We are delighted that four PMEC students were chosen from this year’s competitive solicitation to work with PMEC partners (Oscilla Power, the National Renewable Energy Laboratory, and Pacific Northwest National Laboratory) on a variety of wave energy focused R&D efforts.
Hannah Mankle (OSU & Oscilla Power Inc):
Wave energy research to date has focused on developing wave energy converters (WECs) to be incorporated into the larger power grid, but the challenge with implementing these technologies is the high cost. This provides an opportunity to explore the design optimization of small-scale WECs, which have applications in emerging markets and the larger Blue Economy.

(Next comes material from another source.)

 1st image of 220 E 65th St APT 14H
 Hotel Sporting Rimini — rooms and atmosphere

WEC geometry optimization has been recently explored and for grid-scale applications, but it isn’t currently clear how design variables, objective functions, and embedded modeling must change in order to optimally design smaller scale WECs.

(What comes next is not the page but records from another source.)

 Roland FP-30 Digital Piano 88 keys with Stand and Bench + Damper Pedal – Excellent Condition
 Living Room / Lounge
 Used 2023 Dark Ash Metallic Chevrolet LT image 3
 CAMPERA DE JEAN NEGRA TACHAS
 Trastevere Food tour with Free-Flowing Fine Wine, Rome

Brittany Lydon (UW & NREL):
Oscillating Surge Wave Energy Converter (OSWEC) numerical modeling is complicated by the nonlinear flow field around the flap, scaling viscous losses, and flap behavior in realistic sea states – all of which are yet to be well understood and characterized. We are proposing a collaboration with the National Renewable Energy Laboratory (NREL) to develop accurate, high-fidelity numerical models, using Smoothed Particle Hydrodynamics (SPH), of an OSWEC using their High Performance Computing (HPC) resources. The objectives of this collaboration are to use these models, coupled with experiments, to gain insight on the flow dynamics surrounding the flap, specifically how these nonlinearities vary with WEC scale and its behavior in real, nonlinear ocean conditions.
Chris Dizon (OSU & PNNL):
Powering the Blue Economy, DOE's WPTO initiative, aims to give select maritime applications the advantage of improved and dependable operation by coupling them with marine renewable energy. The development of a "bolt-on" horizontal-pendulum based wave energy converter offers the ability to provide ease-of-use in installation, maintenance, and performance for multiple applications given a both universal and modular design. This decreases the cost and time in developing a power source for an individual market, while increasing the confidence and feasibility of such new technology
Austin Berrier (OSU & NREL):
Structurally flexible wave energy converters are a design archetype that use distributed power take off systems built directly into their structure. Incoming waves make these systems resonate and bend elastically, and specially selected materials are used to convert this bending into electrical energy. Research to date on optimal flexible devices have limited their focus to geometric properties, and Austin's work seeks to expand on them by using nature-inspired optimization algorithms to simultaneously explore material and mooring properties. The initial work for this project is for a fully-submerged flexible tube design, and will additionally explore how optimal tube designs potentially change when introducing model nonlinearities.
Congratulations to Hannah Mankle, Brittany Lydon, Chris Dizon and Austin Berrier!